WHERE AGENT IS PERSONALLY LIABLE

1. Where agent acts for a Foreign principal -where the contract is made by an agent for the sale or purchase of goods for a merchant resident
abroad;
2. Where agent acts for a unnamed principal -where the agent does not disclose the name of his principal;
3. where the principal, though disclosed, cannot be sued.
4. When agent acts for an undisclosed principal.
5. When agent himself agrees to that effect
6. Where trade usage provides for it.
7. When agent exceeds his authority.
8. When agent signs a document in his own name
9. Where an agent receives money by fraud
10. Where agent’s authority is ‘coupled with interest’
AGENCY COUPLED WITH INTEREST

• A person may create an agency to secure for his agent some interest or benefit through the grant of authority to him. For example, P may owe Rs.30,000 to R. He
may authorize R to sell some of P’s goods and pay to himself his dues out of the proceeds received.
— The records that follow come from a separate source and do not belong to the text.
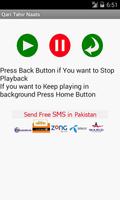 Hafiz Tahir Qadri Naats mp3 Screenshot 1
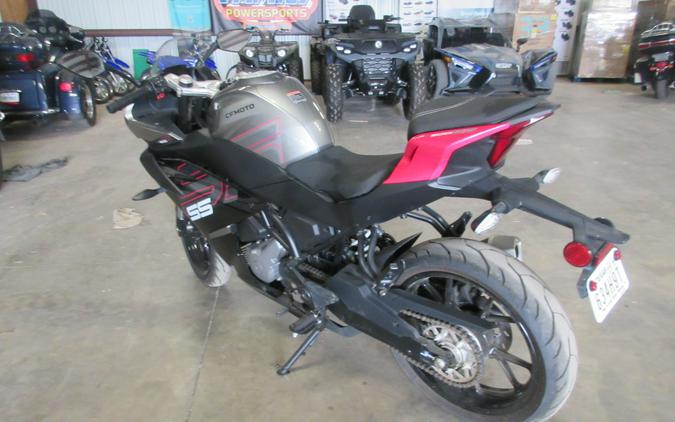 2024 CFMOTO 300SS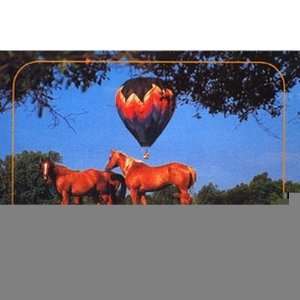  Mississippi Postcard Ms317 Horses/Balloon Case Pack 750 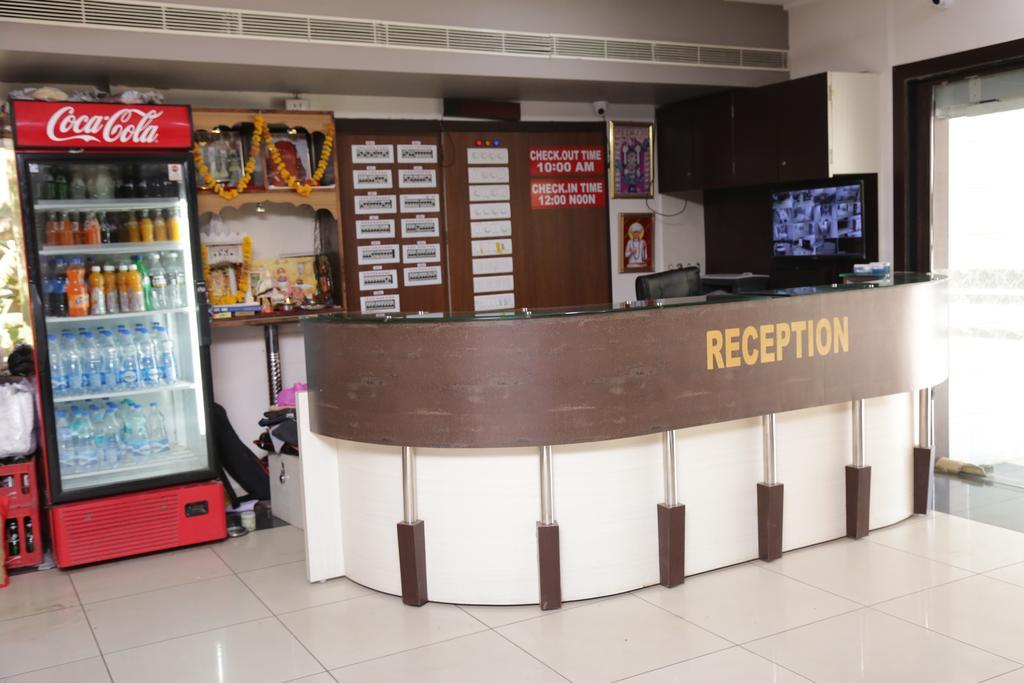 Hotel Rudra Plaza Dwarka  Luaran gambar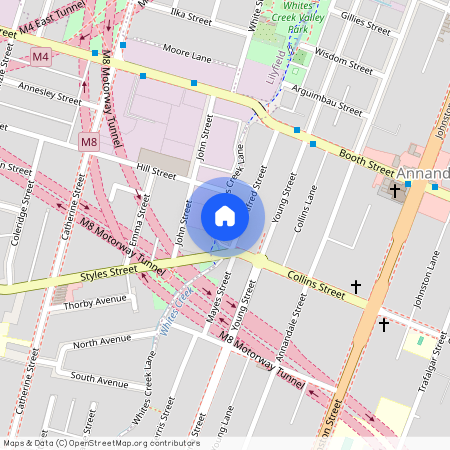 14A Alfred Street, Annandale NSW 2038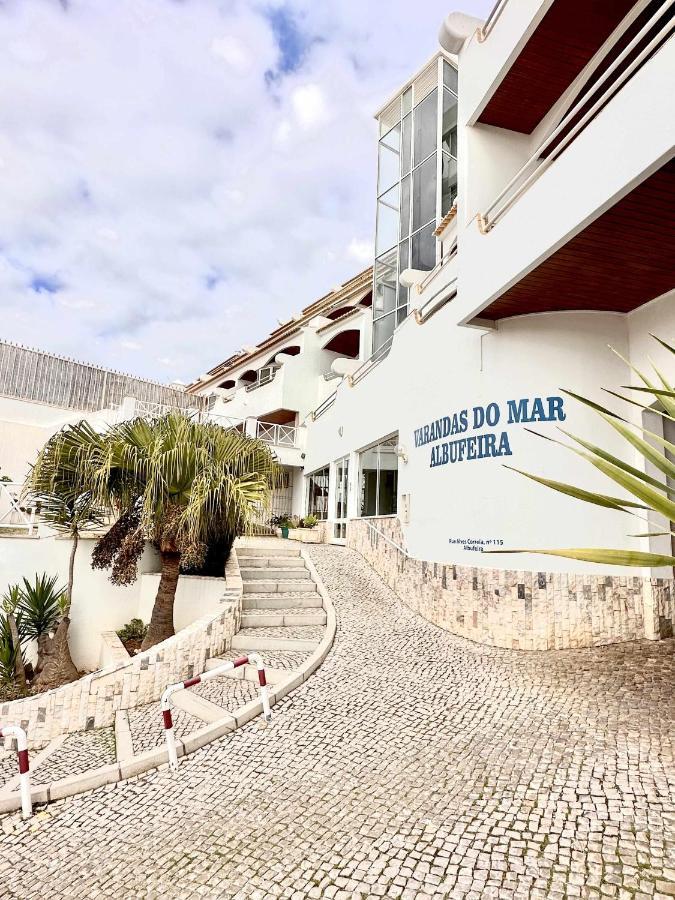 Duplex Sea View By Albufeira Holidays Extérieur photo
This amount would be in addition to his remuneration for the
work of agency done for principal. Such an agency enables the agent to satisfy an interest of his own out of the agency work and is called ‘Agency coupled with
interest’.

• An ‘Agency coupled with interest’ can come into existence only if the interest of agent sought to be secured under it had existed prior to or had got created at the
time of creation of agency, and securing of that interest was the main purpose of agency and not incidental to it. An interest created after creation of agency
cannot give rise to such an agency.

Examples:

• a) B appointed S as his agent to enable him to build houses on his (B’s) land and then sell them on his behalf to recover his own previous dues. The agency was
held to be one coupled with interest.

• b) G appointed H to sell his goods. Later, H gave him some advances on the promise that H may recover his money out of the sale proceeds. It was held not to be
an agency coupled with interest even if G promised not to revoke the agency because, the agent’s interest had emerged after creation of agency.

Personal liability: Since in the case of an agency coupled with interest, the agent occupies the position of a principal to the extent of his interest, he becomes
personally liable also to the third party, in case need arises, along with the principal on contracts under that agency.